1.      Keuntungan/Profit
Tidak bisa pungkiri bahwa yang menjadi daya tarik utama untuk berusaha adalah keuntungan. Pada prinsip Ekonomi, Keuntungan memicu iklim investasi yang baik. Seperti yang kita sampaikan tadi, keuntungan yang diperoleh dari film blue, porno, 17+, dll itu sangat menggiurkan. Bukan hanya untuk rumah produksi tetapi juga bagi artisnya serta pendapatan pajak bagi Negara. Selama masih ada keuntungan pada produksi ini maka produksi tidak akan berhenti. Ini sudah menjadi prinsip dalam ekonomi. Produksi baru terhenti jika terjadi krisis ekonomi seperti yang terjadi di Bulgari pada tahun 1990-an dimana ketidakstabilan ekonomi memaksa tertutupnya sebagian besar rumah produksi film Blue ini.

2.      Legalitas
Pendapatan pajak yang menggiurkan meyakinkan pemerintah beberapa Negara untuk melegalkan aspek pornografi ini kecuali untuk anak dibawah 18 tahun serta dengan aturan tertentu yang berlaku dinegara tertentu. Namun hal yang perlu perhatikan, legalitas menyebabkan produksi film bergenre khusus ini semakin subur. Bayangkan saja dengan sedikit acting dan hanya perlu beberapa artis saja, rumah produksi sudah bisa meraup keuntungan yang legal menurut Negara tertentu.

3.      Nilai seni
Terkadang yang menjadi pendukung utama dari film blue ini adalah penikmat seni. Dikarenakan seni adalah ekspresi manusia, maka apa yang diekspresikan oleh manusia adalah seni. Pendapat ini ditentang pada beberapa agama dan peraturan beberapa negara. Hanya saja, kita perlu menyadari bahwa selagi masih manusia yang memberikan pendapat maka hukum itu ada ditangan mereka. Dan seni adalah seperti apa yang mereka pikirkan. Itu menurut para penikmat seni bergenre khusus ini.

4.      Kebutuhan Manusia
Sex menjadi kebutuhan bagi manusia. Pada beberapa Negara ada aturan yang mengatur peraturan tentang sex dan aplikasinya sehingga ada beberapa penyimpangan yang bisa saja terjadi. Sex juga menjadi pilihan bagi beberapa orang untuk mewujudkan cintanya kepada pasangannya. Meski Cinta bukan hanya seks dan seks tidak bisa mewakili cinta. Namun, kehadirannya dalam pernikahan berkedudukan sebagai pemanis hubungan rumah tangga tersebut. Namun, efek negative bisa terjadi pada seks diluar nikah. Pada beberapa Negara, seks diluar nikah merupakan hal yang lumrah. Bahkan dianjurkan untuk memperbanyak keturunan karena ada beberapa Negara yang sedang mengalami kesulitan pertumbuhan manusia karena banyak wanita dinegara nya yang tidak ingin mempunyai anak. Seks diluar nikah butuh tuntunan, nah, pada dasarnya film blue secara tidak langsung menyediakan tuntunan untuk melakukan seks yang bisa memuaskan.
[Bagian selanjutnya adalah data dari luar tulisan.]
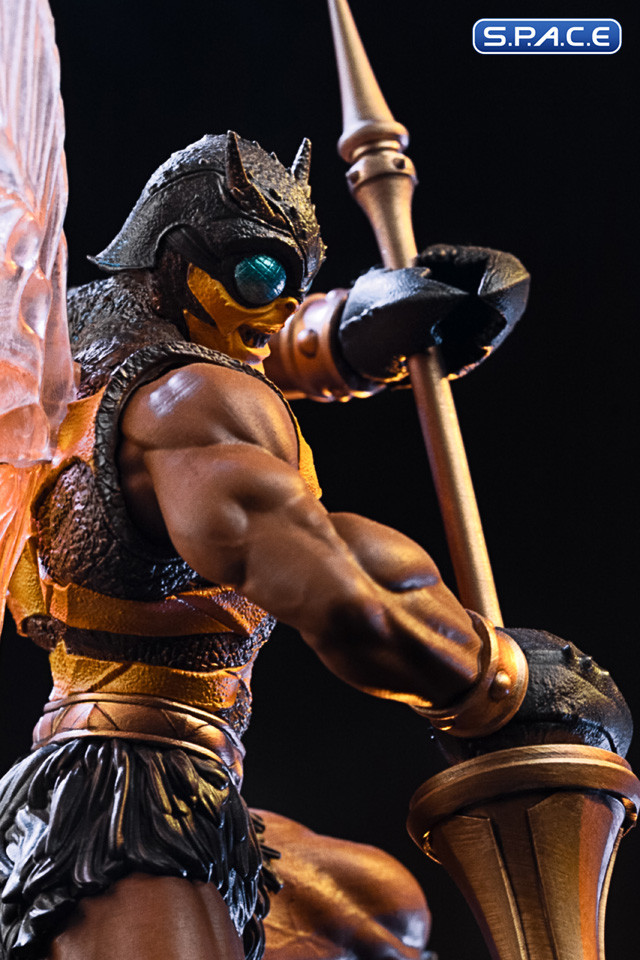 1/10 Scale Buzz-Off Art Scale Statue (Masters of the Universe)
5.      Informasi dan Teknologi
Perkembangan teknologi informasi masa kini memberikan dukungan kuat terhadap film blue. Dimana pun anda berada, anda bisa mengakses situs-situs yang berkonten porno. Beberapa Negara di dunia telah melakukan pemblokiran pada situs ini termasuk di Indonesia. Sebagai Negara pengakses nomor 1 situs porno di dunia, Indonesia melakukan gebrakan baru dengan peraturan UU ITE yang membungkus semua kemungkinan tersebarnya pornografi. Namun, berbicara masalah peraturan, berbicara masalah pelaksanaan. Saya bisa dengan yakin menyatakan pemblokiran yang selama ini digadang-gadangkan oleh pemerintah ternyata hanya berlaku untuk daerah tertentu saja. Di daerah Jakarta, pemblokiran terasa sempurna melalui jaringan “NawalaProject” meski masih bisa ditembus dengan beberapa cara (saya berhasil menembusnya). Namun, sesaat saya menginjakkan kaki saya di Sumatera dan tiba-tiba saya terpikir apakah pemblokiran itu berlaku untuk seluruh wilayah Negara ini. Ternyata, TIDAK. Silahkan dicoba sendiri. Kemudahan informasi inilah yang menjadikan Produksi Film Blue akan tetap meiliki pangsa pasar yang cukup untuk memenuhi profitnya.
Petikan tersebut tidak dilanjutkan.